Neodymium-140 DOTA-LM3: Evaluation of an In Vivo Generator for PET with a Non-Internalizing Vector

(140)Nd (t(1/2) = 3.4 days), owing to its short-lived positron emitting daughter (140)Pr (t(1/2) = 3.4 min), has promise as an in vivo generator for positron emission tomography (PET). However, the electron capture decay of (140)Nd is chemically disruptive to macrocycle-based radiolabeling, meaning that an in vivo redistribution of the daughter (140)Pr is expected before positron emission. The purpose of this study was to determine how the delayed positron from the de-labeled (140)Pr affects preclinical imaging with (140)Nd. To explore the effect, (140)Nd was produced at CERN-ISOLDE, reacted with the somatostatin analogue, DOTA-LM3 (1,4,7,10- tetraazacyclododecane, 1,4,7- tri acetic acid, 10- acetamide N - p-Cl-Phecyclo(d-Cys-Tyr-d-4-amino-Phe(carbamoyl)-Lys-Thr-Cys)d-Tyr-NH2) and injected into H727 xenograft bearing mice. Comparative pre- and post-mortem PET imaging at 16 h postinjection was used to quantify the in vivo redistribution of (140)Pr following (140)Nd decay. The somatostatin receptor-positive pancreas exhibited the highest tissue accumulation of (140)Nd-DOTA-LM3 (13% ID/g at 16 h) coupled with the largest observed redistribution rate, where 56 ± 7% (n = 4, mean ± SD) of the in situ produced (140)Pr washed out of the pancreas before decay.
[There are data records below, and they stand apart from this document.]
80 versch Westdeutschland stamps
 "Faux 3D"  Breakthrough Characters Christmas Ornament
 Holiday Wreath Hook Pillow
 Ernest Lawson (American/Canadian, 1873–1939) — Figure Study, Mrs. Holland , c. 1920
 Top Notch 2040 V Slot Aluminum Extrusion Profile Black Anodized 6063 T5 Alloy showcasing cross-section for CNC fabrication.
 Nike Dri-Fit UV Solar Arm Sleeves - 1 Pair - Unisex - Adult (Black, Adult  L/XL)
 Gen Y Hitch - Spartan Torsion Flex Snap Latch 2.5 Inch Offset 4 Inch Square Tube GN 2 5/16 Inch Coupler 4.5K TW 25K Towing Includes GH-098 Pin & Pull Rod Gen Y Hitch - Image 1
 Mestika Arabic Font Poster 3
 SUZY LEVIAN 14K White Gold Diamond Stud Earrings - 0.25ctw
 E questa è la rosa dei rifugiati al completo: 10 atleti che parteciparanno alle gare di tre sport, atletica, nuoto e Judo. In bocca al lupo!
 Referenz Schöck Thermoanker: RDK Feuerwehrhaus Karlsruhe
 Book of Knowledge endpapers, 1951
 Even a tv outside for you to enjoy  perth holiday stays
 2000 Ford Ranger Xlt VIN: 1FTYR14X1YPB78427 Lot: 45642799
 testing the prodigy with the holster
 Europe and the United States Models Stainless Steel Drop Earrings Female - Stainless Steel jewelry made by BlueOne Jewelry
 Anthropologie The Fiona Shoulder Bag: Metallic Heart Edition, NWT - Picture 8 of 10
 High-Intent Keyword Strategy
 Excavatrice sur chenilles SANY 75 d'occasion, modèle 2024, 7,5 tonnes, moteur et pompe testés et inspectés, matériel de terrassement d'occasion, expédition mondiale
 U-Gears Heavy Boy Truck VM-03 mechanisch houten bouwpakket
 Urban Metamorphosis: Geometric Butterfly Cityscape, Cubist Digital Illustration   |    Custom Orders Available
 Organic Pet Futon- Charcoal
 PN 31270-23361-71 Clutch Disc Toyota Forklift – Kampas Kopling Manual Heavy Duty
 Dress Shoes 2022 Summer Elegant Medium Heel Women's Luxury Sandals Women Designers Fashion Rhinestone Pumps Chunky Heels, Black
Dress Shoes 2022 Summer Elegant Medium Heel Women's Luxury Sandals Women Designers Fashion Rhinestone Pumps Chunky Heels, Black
Contrastingly, the liver, spleen, and lungs acted as strong sink organs for free (140)Pr(3+). Based upon these results, we conclude that (140)Nd imaging with a non-internalizing vector convolutes the biodistribution of the tracer with the accumulation pattern of free (140)Pr. This redistribution phenomenon may show promise as a probe of the cellular interaction with the vector, such as in determining tissue dependent internalization behavior.